**Provided data**.

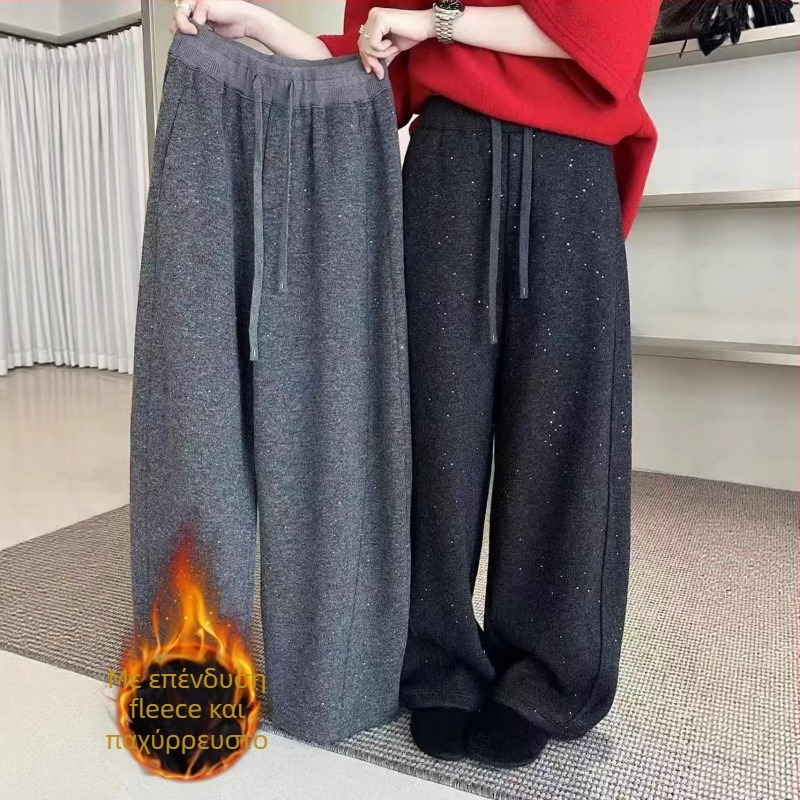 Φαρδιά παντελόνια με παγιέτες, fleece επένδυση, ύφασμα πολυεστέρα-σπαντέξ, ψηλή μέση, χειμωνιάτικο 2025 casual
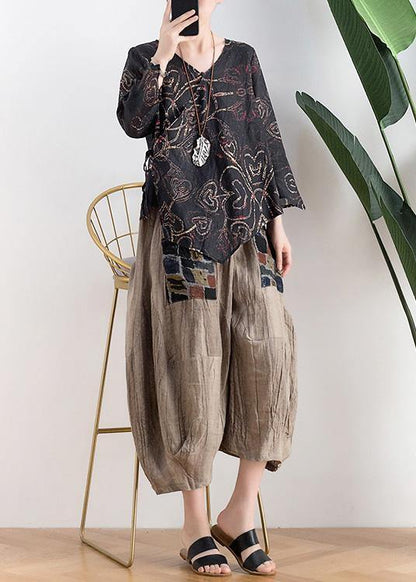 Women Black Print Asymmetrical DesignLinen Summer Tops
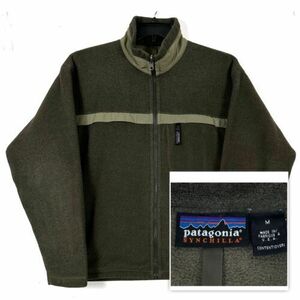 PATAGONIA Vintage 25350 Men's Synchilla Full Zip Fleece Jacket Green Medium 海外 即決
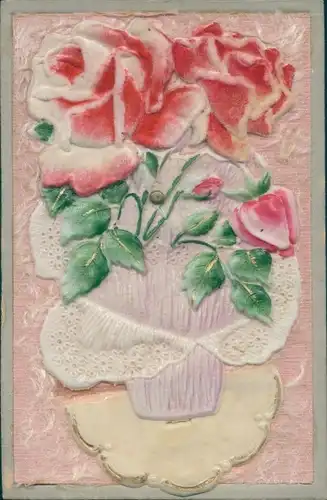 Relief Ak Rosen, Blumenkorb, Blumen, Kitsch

**Required work**.
Once the pictures are set aside, repeat the data above exactly as written.

**Output of the task**.
 Φαρδιά παντελόνια με παγιέτες, fleece επένδυση, ύφασμα πολυεστέρα-σπαντέξ, ψηλή μέση, χειμωνιάτικο 2025 casual
 Women Black Print Asymmetrical DesignLinen Summer Tops
 PATAGONIA Vintage 25350 Men's Synchilla Full Zip Fleece Jacket Green Medium 海外 即決
 Relief Ak Rosen, Blumenkorb, Blumen, Kitsch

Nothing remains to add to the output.